[Caption-style text data]

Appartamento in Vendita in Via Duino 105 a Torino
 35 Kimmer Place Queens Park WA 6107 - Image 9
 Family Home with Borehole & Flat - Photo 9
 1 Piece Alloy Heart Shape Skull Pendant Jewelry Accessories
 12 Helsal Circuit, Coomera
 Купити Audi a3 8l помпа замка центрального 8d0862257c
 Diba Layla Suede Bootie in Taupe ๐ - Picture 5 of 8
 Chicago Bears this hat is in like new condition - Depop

▶ Try it:
Transcribe each entry word for word.

▶ Answer space:
Appartamento in Vendita in Via Duino 105 a Torino
 35 Kimmer Place Queens Park WA 6107 - Image 9
 Family Home with Borehole & Flat - Photo 9
 1 Piece Alloy Heart Shape Skull Pendant Jewelry Accessories
 12 Helsal Circuit, Coomera
 Купити Audi a3 8l помпа замка центрального 8d0862257c
 Diba Layla Suede Bootie in Taupe ๐ - Picture 5 of 8
 Chicago Bears this hat is in like new condition - Depop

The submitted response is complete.